Aim of the task - Reproduce every line of the listing exactly.

--------------------------------------------------

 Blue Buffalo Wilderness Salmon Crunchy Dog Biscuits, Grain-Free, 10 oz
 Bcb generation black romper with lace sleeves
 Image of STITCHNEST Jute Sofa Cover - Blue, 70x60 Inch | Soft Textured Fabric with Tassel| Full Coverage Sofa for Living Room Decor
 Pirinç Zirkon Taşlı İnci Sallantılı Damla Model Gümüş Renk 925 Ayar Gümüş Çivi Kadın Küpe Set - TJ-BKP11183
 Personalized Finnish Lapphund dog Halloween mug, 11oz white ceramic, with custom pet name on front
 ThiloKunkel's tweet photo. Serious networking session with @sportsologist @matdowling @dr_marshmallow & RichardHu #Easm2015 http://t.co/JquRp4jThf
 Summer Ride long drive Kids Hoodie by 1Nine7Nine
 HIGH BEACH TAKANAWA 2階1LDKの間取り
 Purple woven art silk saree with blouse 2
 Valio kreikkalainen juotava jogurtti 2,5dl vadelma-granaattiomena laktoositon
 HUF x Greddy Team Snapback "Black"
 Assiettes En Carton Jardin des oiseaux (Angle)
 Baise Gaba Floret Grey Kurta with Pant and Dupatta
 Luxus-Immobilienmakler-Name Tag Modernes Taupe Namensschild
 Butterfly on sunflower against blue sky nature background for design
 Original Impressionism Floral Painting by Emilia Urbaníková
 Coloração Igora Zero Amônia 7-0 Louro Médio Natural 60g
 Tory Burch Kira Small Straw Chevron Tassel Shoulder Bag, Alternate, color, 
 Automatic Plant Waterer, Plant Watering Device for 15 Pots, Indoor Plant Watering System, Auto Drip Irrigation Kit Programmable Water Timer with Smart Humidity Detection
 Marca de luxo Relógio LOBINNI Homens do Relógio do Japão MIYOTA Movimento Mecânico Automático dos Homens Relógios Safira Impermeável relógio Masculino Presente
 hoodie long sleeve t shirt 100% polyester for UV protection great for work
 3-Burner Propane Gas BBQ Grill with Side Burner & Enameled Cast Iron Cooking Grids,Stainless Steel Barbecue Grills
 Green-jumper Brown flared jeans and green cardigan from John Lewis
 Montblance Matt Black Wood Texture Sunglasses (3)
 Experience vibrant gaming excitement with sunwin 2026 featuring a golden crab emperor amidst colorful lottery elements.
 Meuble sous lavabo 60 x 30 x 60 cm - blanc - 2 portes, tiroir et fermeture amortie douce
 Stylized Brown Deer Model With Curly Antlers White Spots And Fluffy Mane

--------------------------------------------------

Answer below -
 Blue Buffalo Wilderness Salmon Crunchy Dog Biscuits, Grain-Free, 10 oz
 Bcb generation black romper with lace sleeves
 Image of STITCHNEST Jute Sofa Cover - Blue, 70x60 Inch | Soft Textured Fabric with Tassel| Full Coverage Sofa for Living Room Decor
 Pirinç Zirkon Taşlı İnci Sallantılı Damla Model Gümüş Renk 925 Ayar Gümüş Çivi Kadın Küpe Set - TJ-BKP11183
 Personalized Finnish Lapphund dog Halloween mug, 11oz white ceramic, with custom pet name on front
 ThiloKunkel's tweet photo. Serious networking session with @sportsologist @matdowling @dr_marshmallow & RichardHu #Easm2015 http://t.co/JquRp4jThf
 Summer Ride long drive Kids Hoodie by 1Nine7Nine
 HIGH BEACH TAKANAWA 2階1LDKの間取り
 Purple woven art silk saree with blouse 2
 Valio kreikkalainen juotava jogurtti 2,5dl vadelma-granaattiomena laktoositon
 HUF x Greddy Team Snapback "Black"
 Assiettes En Carton Jardin des oiseaux (Angle)
 Baise Gaba Floret Grey Kurta with Pant and Dupatta
 Luxus-Immobilienmakler-Name Tag Modernes Taupe Namensschild
 Butterfly on sunflower against blue sky nature background for design
 Original Impressionism Floral Painting by Emilia Urbaníková
 Coloração Igora Zero Amônia 7-0 Louro Médio Natural 60g
 Tory Burch Kira Small Straw Chevron Tassel Shoulder Bag, Alternate, color, 
 Automatic Plant Waterer, Plant Watering Device for 15 Pots, Indoor Plant Watering System, Auto Drip Irrigation Kit Programmable Water Timer with Smart Humidity Detection
 Marca de luxo Relógio LOBINNI Homens do Relógio do Japão MIYOTA Movimento Mecânico Automático dos Homens Relógios Safira Impermeável relógio Masculino Presente
 hoodie long sleeve t shirt 100% polyester for UV protection great for work
 3-Burner Propane Gas BBQ Grill with Side Burner & Enameled Cast Iron Cooking Grids,Stainless Steel Barbecue Grills
 Green-jumper Brown flared jeans and green cardigan from John Lewis
 Montblance Matt Black Wood Texture Sunglasses (3)
 Experience vibrant gaming excitement with sunwin 2026 featuring a golden crab emperor amidst colorful lottery elements.
 Meuble sous lavabo 60 x 30 x 60 cm - blanc - 2 portes, tiroir et fermeture amortie douce
 Stylized Brown Deer Model With Curly Antlers White Spots And Fluffy Mane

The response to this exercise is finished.